- **What is being asked**: Pictures in the data should be dropped; transcribe exactly the lines from the one that has "Can you list" through the one that has "So, selecting here".

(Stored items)

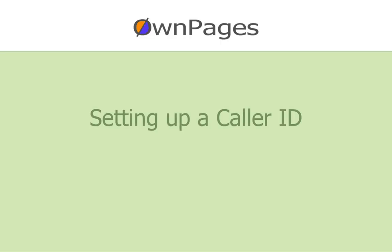Welcome to this OwnPages VisiDial tutorial video. In this video we will demonstrate how to set up your caller ID.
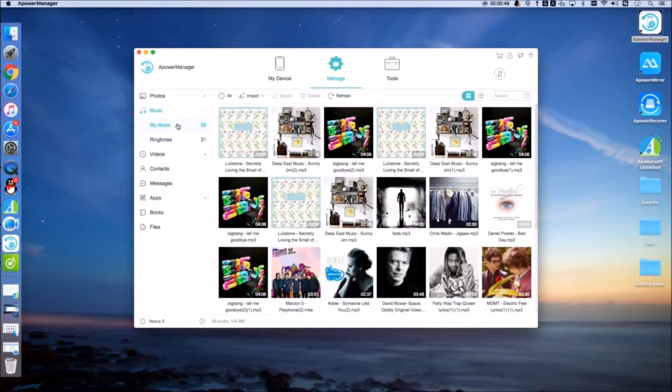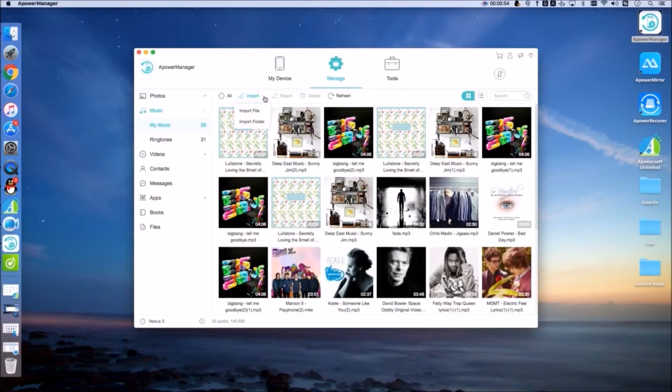From here, click on the Import button and then choose the file that you want to transfer.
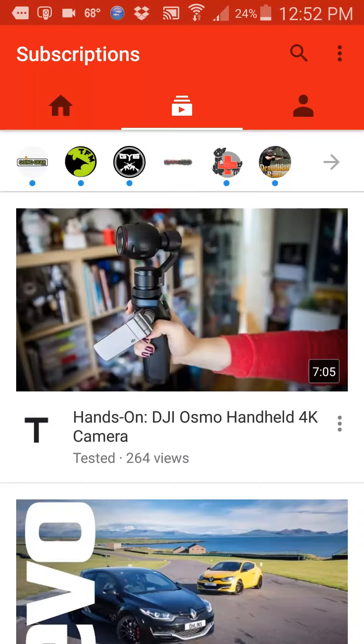If you ever want to know how to remove a single listing in your view history with the YouTube mobile app, keep watching this video and I'll show you how.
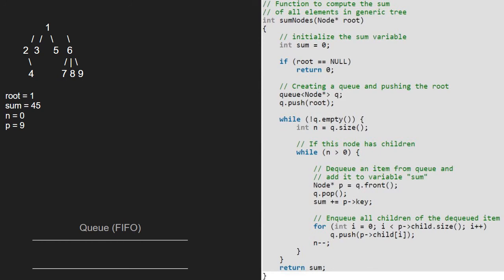So now n will be 0. As n is not greater than 0, we break out of the inner while loop, and as the queue is empty, we break out of the outer while loop as well and return sum. Hence, the sum of elements in this tree is 45. With this, we come to an end of this tutorial. For any doubts or suggestions, please leave them in the comment section below.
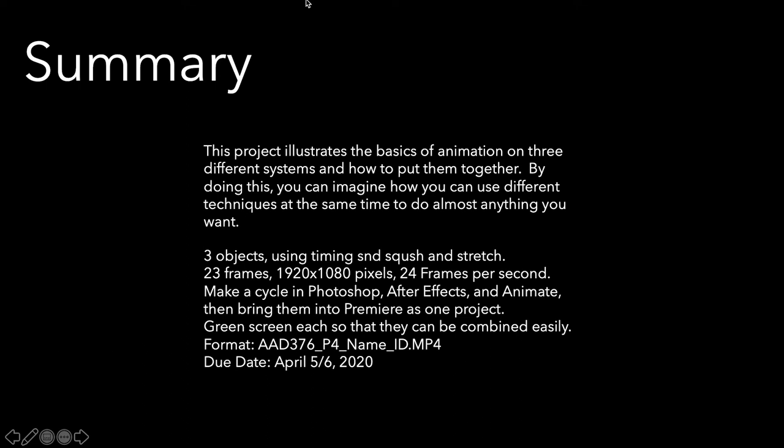Here's all this stuff. So April 5, 6, 2020. And so that's just about it. I hope this is pretty clear.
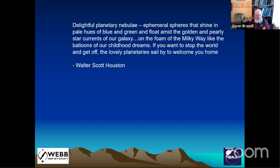Is Star Walk 2 useful for planetary nebulae? Unfortunately I can't answer that question because I haven't used the program and I don't know what databases it contains. I don't know if anybody else on the panel has tried it either. So sorry, we can't really answer that question for you.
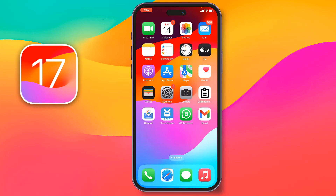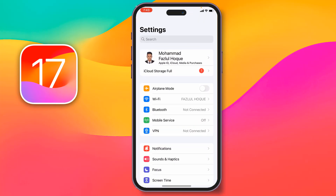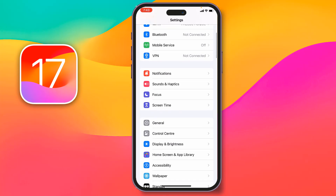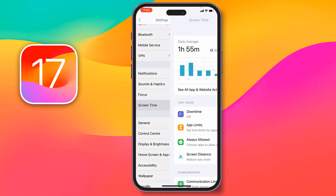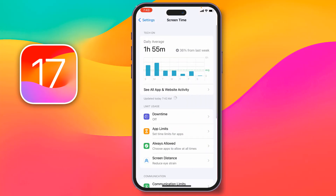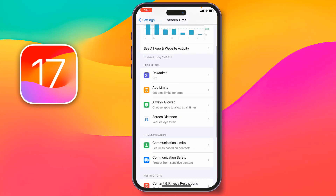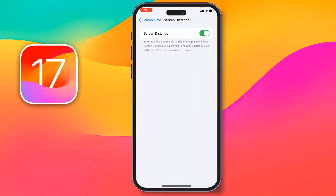For this you have to go to Settings, after that you have to scroll down, then you have to go to Screen Time, then you have to go on Screen Distance. If you see this one is enabled, simply have to disable this one — just toggle it off.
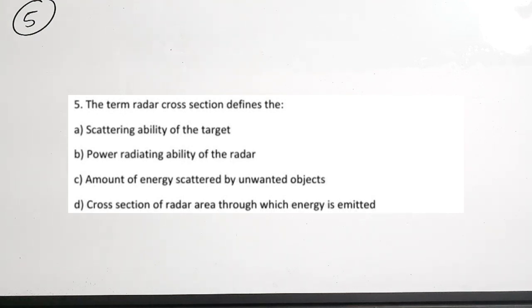Fifth question: the term radar cross section defines dash. In the initial video on radar numericals I have discussed the radar range equation and its various terms in detail. The options here are: A) scattering ability of the target, B) power radiating ability of the target, C) amount of energy scattered by unwanted objects, D) cross section of radar area through which energy is transmitted.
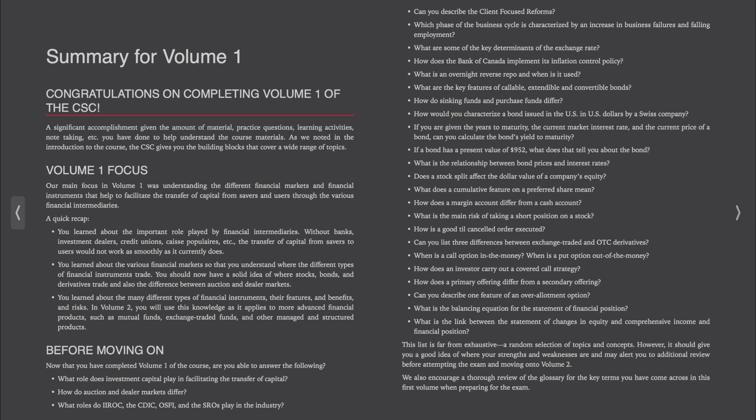Can you list three differences between exchange-traded and OTC derivatives? When is a call option in the money? When is a put option out of the money? How does an investor carry out a covered call strategy? How does a primary offering differ from a secondary offering?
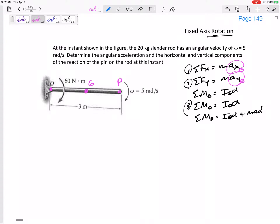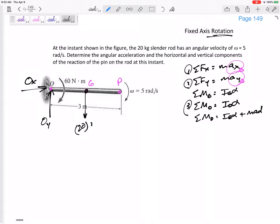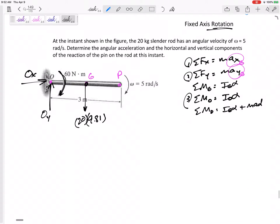Let's look at this problem: a 20-kilogram slender rod has an angular velocity of 5 radians per second. Determine the angular acceleration and the horizontal and vertical components of the reaction at the pin. I'm going to draw my free body diagram, sum the forces in Y and X. I've got the weight and a 60 Newton-meter moment drawn on the figure. That 5 rad/s is just motion information — we don't sum that.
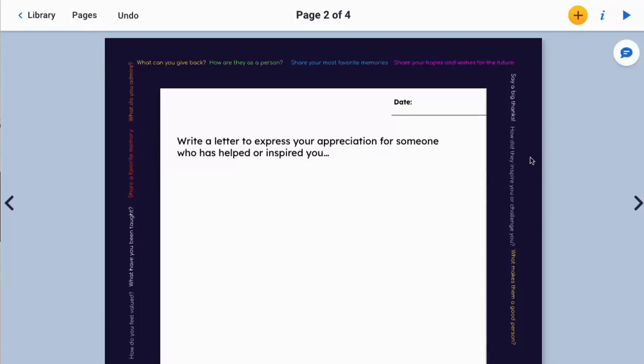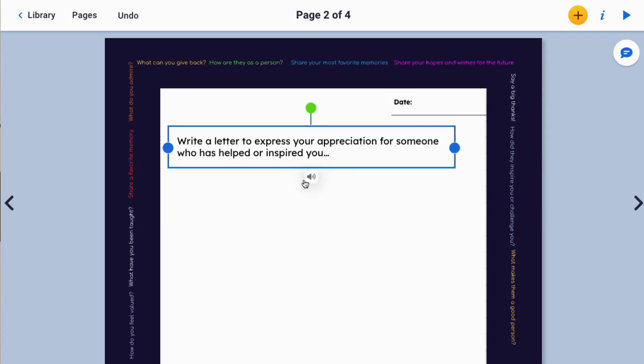Hey book creators, you can now have text read aloud on the page with our text-to-speech feature. Click on a text and you'll see the read to me button now appears. When you click on it, write a letter to express your appreciation for someone who has helped or inspired you. You will now have the text read aloud to you.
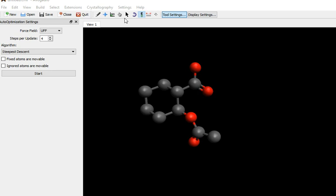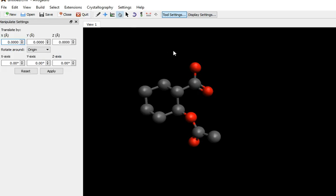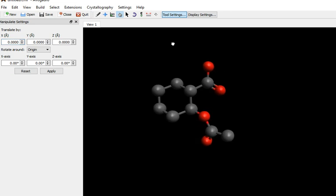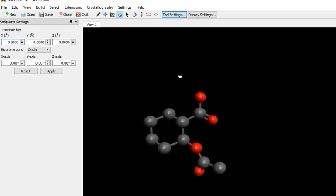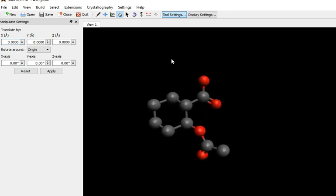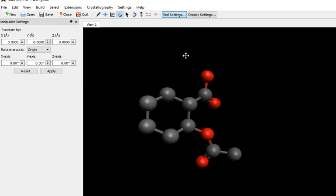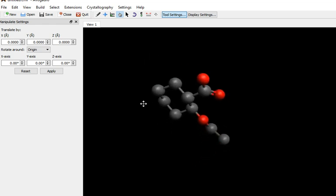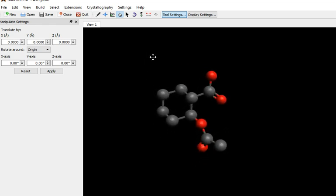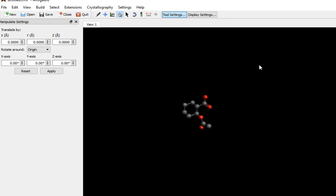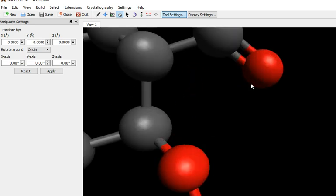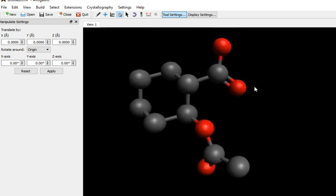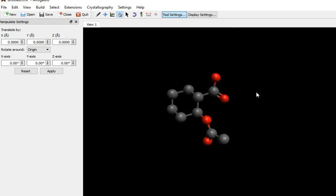So, selecting here will manipulate the molecule. Right click will move it around wholesale. Left click will rotate. And the middle, the scroll wheel, will zoom in and out. Whoa! Okay, so playtime over.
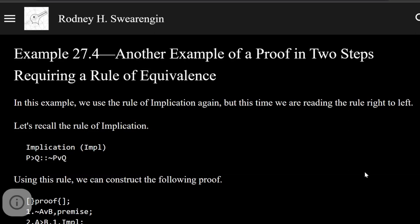Logic zero, example 27.4. Another example of a proof in two steps requiring a rule of equivalence.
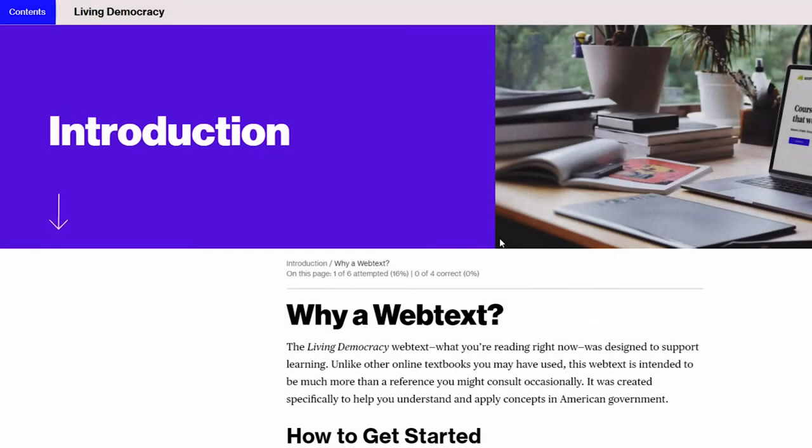Hi, this is Devin from Sumo Learning. Welcome to your webtext! Here's a few features to help you navigate your webtext with a screen reader.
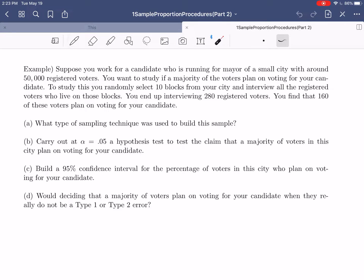Hi everybody. I hope this video finds you well. In today's video, we're going to be continuing our discussion about the one-sample proportion procedures that we introduced in the previous video by looking at another example. So let's jump right in and take a look at this.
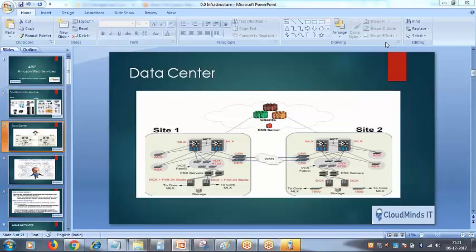When you talk about disaster recovery, you have to keep it as a mirror of your primary data center. Whatever you configured on your primary data center, you have to replicate everything in your disaster recovery data center. This means your cost is going to double — however much money you spent building your primary data center, you repeat all of it for the secondary.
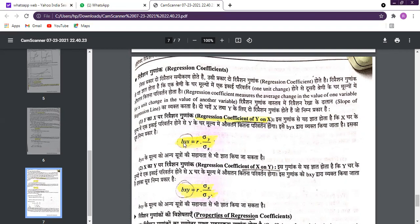The formula for the regression coefficient B for Y on X involves the correlation coefficient multiplied by the ratio of the standard deviation of Y to the standard deviation of X. When you take Y on X, you use the standard deviation of Y over X; this remains consistent.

- **Task solution**:
Can you list three differences between exchange-traded and OTC derivatives? When is a call option in the money? When is a put option out of the money? How does an investor carry out a covered call strategy? How does a primary offering differ from a secondary offering?
Let's look at this problem: a 20-kilogram slender rod has an angular velocity of 5 radians per second. Determine the angular acceleration and the horizontal and vertical components of the reaction at the pin. I'm going to draw my free body diagram, sum the forces in Y and X. I've got the weight and a 60 Newton-meter moment drawn on the figure. That 5 rad/s is just motion information — we don't sum that.
Hey book creators, you can now have text read aloud on the page with our text-to-speech feature. Click on a text and you'll see the read to me button now appears. When you click on it, write a letter to express your appreciation for someone who has helped or inspired you. You will now have the text read aloud to you.
So, selecting here will manipulate the molecule. Right click will move it around wholesale. Left click will rotate. And the middle, the scroll wheel, will zoom in and out. Whoa! Okay, so playtime over.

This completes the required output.